EMBATTLED Japanese Prime Minister Taro Aso faced more pressure to resign yesterday as a poll showed more than 70 percent of respondents want him to quit and a senior politician within the ruling party questioned his ability to lead.

Aso's popularity has rapidly eroded recently fed by a deepening economic recession, a series of political gaffes and a perception of weak leadership.

The Asahi newspaper survey showed 71 percent of respondents want Aso to resign. It also found the approval rating for the Cabinet dipped to 13 percent - down 1 percentage point from two weeks ago.

Sixty-four percent of respondents said they want an early election, according to the poll. Elections must be held for the powerful lower house of parliament by the end of September but could be called at any time.

Hidenao Nakagawa, a ruling Liberal Democratic Party heavyweight and former chief cabinet secretary, said yesterday party support for Aso has also faded.
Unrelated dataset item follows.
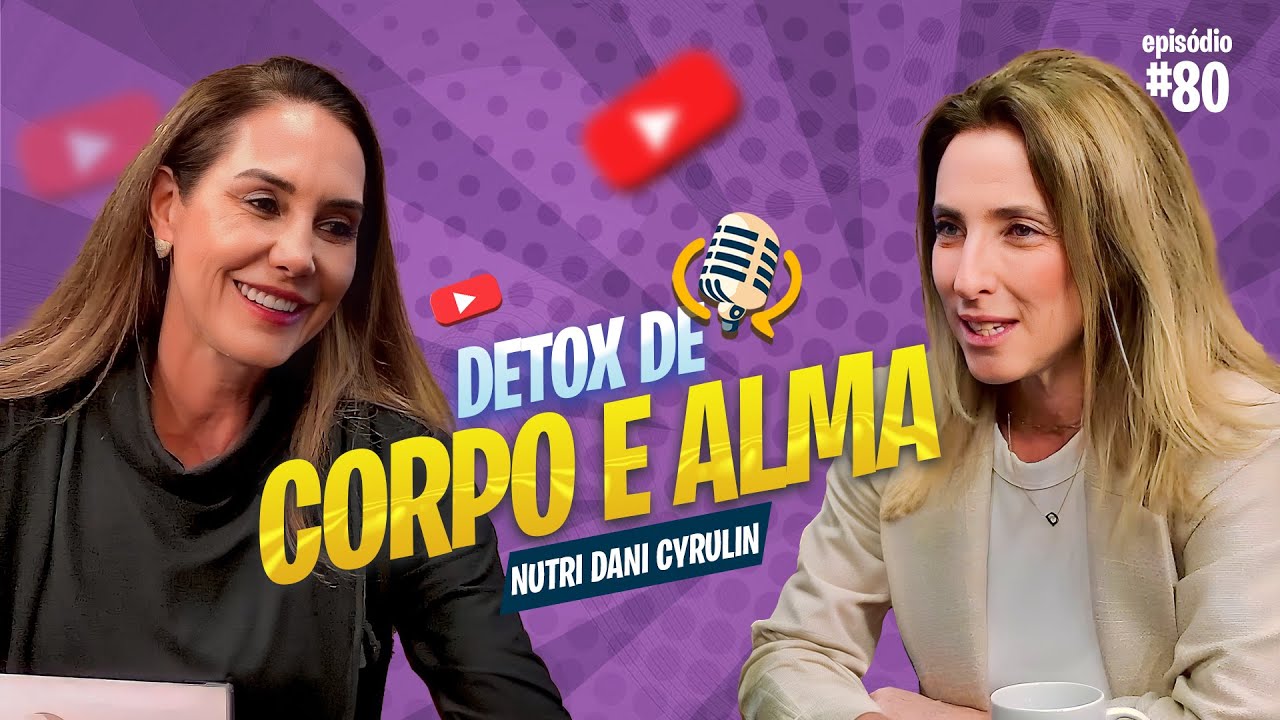 NUTRI DANI CYRULIN - DETOX DE CORPO E ALMA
"Very few of us now want to head into elections under Mr Aso's leadership," Nakagawa told the TV Tokyo talk show. "But we'll have to wait until budget approval to decide if or when we should have a new leader or hold elections."
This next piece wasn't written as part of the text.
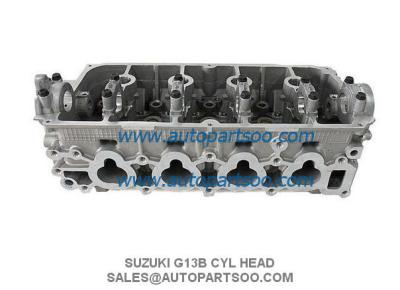 China Cilindro de Suzuki Culata 4 del de Tapa De Cilindro de culata del funcionamiento de Suzuki G16B en venta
The approval for the budget is expected in April.

In another serious blow, popular former Prime Minister Junichiro Koizumi openly criticized Aso last week, threatening to oppose one of his key economic stimulus plans that opposition parties have called ineffective and a vote-buying attempt.

Koizumi's dissent deepened divisions within the Liberal Democratic Party, where he is still influential.

Aso also came under fire for not immediately firing Finance Minister Shoichi Nakagawa who resigned last week after claims he seemed drunk during a G7 news conference.